- Exercise instructions: Go to the line holding "Chanel Quilted Cuir" in the entries below and write out exactly every line down to and including the line holding "Wall Mural - a".

- Records supplied:
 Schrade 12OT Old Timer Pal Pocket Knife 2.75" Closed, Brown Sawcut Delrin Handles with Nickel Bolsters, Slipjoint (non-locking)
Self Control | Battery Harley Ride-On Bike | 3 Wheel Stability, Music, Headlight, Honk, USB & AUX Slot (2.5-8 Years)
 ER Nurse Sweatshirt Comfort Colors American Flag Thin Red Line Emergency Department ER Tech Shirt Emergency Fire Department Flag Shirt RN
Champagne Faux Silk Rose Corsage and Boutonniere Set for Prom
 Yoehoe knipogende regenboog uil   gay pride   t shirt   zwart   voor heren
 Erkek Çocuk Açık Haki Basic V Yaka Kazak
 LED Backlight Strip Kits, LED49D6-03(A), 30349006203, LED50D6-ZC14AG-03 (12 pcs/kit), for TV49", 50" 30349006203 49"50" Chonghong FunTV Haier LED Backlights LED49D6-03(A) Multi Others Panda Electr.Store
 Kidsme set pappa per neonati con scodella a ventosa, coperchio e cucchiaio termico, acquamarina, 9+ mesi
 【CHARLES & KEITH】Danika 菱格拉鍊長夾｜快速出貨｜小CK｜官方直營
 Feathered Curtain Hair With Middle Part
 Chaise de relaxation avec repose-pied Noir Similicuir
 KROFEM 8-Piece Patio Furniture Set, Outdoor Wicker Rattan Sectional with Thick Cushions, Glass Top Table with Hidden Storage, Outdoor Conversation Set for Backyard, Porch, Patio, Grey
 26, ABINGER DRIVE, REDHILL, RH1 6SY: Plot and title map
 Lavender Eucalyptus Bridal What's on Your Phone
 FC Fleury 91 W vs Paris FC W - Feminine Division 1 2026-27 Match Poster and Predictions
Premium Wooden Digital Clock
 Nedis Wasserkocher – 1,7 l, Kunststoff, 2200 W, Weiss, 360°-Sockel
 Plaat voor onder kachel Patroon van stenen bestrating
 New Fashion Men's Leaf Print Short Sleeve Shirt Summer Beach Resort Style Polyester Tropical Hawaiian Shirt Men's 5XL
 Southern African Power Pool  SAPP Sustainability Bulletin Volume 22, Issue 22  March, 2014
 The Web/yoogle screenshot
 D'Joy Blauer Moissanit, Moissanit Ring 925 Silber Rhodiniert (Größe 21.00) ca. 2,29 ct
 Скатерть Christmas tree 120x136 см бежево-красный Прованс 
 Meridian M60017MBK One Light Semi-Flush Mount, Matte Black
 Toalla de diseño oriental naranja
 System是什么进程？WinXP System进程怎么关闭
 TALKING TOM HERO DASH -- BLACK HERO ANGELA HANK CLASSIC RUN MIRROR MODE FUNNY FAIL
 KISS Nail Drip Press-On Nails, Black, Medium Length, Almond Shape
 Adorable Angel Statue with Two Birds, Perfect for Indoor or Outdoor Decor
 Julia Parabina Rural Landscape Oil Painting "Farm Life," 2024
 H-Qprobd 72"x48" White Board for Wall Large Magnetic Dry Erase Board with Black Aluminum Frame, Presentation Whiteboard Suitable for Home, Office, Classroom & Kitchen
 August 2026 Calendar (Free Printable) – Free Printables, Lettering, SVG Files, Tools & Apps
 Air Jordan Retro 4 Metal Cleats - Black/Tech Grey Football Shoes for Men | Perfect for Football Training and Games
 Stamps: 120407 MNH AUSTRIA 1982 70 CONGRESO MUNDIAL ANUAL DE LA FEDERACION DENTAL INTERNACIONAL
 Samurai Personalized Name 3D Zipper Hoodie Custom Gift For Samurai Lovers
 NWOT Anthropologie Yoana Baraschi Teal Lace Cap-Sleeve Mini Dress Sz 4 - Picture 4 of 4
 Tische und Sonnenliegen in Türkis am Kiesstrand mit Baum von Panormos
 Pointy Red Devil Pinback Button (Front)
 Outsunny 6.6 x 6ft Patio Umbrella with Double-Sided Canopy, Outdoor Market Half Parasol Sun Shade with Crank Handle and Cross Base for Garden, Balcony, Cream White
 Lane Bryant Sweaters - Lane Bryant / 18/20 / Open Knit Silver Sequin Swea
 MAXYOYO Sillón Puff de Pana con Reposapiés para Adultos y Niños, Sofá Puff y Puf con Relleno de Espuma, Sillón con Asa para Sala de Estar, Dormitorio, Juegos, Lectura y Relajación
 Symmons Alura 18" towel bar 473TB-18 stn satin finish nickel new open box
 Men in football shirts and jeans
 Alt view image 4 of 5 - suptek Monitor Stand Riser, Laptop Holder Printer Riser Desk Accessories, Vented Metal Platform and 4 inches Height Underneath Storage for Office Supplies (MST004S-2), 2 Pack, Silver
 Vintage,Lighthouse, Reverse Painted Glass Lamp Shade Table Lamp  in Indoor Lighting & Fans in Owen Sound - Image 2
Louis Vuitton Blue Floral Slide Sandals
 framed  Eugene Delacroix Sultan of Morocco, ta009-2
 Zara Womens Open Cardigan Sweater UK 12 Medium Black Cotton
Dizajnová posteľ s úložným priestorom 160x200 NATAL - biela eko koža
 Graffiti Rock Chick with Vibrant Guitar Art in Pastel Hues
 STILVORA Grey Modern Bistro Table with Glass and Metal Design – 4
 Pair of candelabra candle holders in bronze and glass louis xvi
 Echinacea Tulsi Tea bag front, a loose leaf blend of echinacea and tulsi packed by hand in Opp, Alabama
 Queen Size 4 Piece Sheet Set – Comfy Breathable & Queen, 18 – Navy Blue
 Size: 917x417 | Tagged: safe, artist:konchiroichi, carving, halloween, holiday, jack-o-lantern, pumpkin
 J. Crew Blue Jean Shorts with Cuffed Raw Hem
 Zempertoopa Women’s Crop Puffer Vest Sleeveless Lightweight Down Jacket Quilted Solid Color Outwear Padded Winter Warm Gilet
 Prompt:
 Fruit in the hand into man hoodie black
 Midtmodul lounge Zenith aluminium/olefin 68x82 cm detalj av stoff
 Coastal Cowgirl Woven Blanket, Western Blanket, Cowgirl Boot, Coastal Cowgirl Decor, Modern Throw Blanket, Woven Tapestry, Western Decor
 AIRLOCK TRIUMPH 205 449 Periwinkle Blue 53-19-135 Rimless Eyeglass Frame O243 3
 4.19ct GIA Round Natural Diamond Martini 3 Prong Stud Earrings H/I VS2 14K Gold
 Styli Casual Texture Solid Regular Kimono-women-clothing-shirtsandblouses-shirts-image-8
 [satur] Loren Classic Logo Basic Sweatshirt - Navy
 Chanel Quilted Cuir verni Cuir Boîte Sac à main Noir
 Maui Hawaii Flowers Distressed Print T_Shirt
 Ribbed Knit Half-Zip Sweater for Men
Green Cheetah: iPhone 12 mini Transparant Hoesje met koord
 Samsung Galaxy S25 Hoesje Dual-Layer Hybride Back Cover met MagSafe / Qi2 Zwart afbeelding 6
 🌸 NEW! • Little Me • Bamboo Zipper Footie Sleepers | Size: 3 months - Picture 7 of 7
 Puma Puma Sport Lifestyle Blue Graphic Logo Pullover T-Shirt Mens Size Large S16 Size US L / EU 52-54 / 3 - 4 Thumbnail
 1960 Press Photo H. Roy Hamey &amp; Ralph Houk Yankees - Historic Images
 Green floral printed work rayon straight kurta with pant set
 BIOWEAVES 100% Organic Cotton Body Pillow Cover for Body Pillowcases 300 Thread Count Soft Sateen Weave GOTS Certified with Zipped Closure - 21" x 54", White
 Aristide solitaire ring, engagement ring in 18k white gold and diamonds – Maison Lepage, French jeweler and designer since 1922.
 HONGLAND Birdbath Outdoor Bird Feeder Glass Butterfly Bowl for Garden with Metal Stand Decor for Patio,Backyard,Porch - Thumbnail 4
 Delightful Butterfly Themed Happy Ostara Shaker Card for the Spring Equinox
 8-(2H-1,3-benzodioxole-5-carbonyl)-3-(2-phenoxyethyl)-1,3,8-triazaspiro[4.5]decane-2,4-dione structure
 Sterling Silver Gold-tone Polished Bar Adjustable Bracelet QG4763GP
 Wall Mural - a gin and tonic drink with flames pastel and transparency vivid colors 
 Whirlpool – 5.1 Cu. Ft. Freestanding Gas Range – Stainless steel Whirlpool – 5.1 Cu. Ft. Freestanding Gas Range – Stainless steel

- Exercise output:
 Chanel Quilted Cuir verni Cuir Boîte Sac à main Noir
 Maui Hawaii Flowers Distressed Print T_Shirt
 Ribbed Knit Half-Zip Sweater for Men
Green Cheetah: iPhone 12 mini Transparant Hoesje met koord
 Samsung Galaxy S25 Hoesje Dual-Layer Hybride Back Cover met MagSafe / Qi2 Zwart afbeelding 6
 🌸 NEW! • Little Me • Bamboo Zipper Footie Sleepers | Size: 3 months - Picture 7 of 7
 Puma Puma Sport Lifestyle Blue Graphic Logo Pullover T-Shirt Mens Size Large S16 Size US L / EU 52-54 / 3 - 4 Thumbnail
 1960 Press Photo H. Roy Hamey &amp; Ralph Houk Yankees - Historic Images
 Green floral printed work rayon straight kurta with pant set
 BIOWEAVES 100% Organic Cotton Body Pillow Cover for Body Pillowcases 300 Thread Count Soft Sateen Weave GOTS Certified with Zipped Closure - 21" x 54", White
 Aristide solitaire ring, engagement ring in 18k white gold and diamonds – Maison Lepage, French jeweler and designer since 1922.
 HONGLAND Birdbath Outdoor Bird Feeder Glass Butterfly Bowl for Garden with Metal Stand Decor for Patio,Backyard,Porch - Thumbnail 4
 Delightful Butterfly Themed Happy Ostara Shaker Card for the Spring Equinox
 8-(2H-1,3-benzodioxole-5-carbonyl)-3-(2-phenoxyethyl)-1,3,8-triazaspiro[4.5]decane-2,4-dione structure
 Sterling Silver Gold-tone Polished Bar Adjustable Bracelet QG4763GP
 Wall Mural - a gin and tonic drink with flames pastel and transparency vivid colors 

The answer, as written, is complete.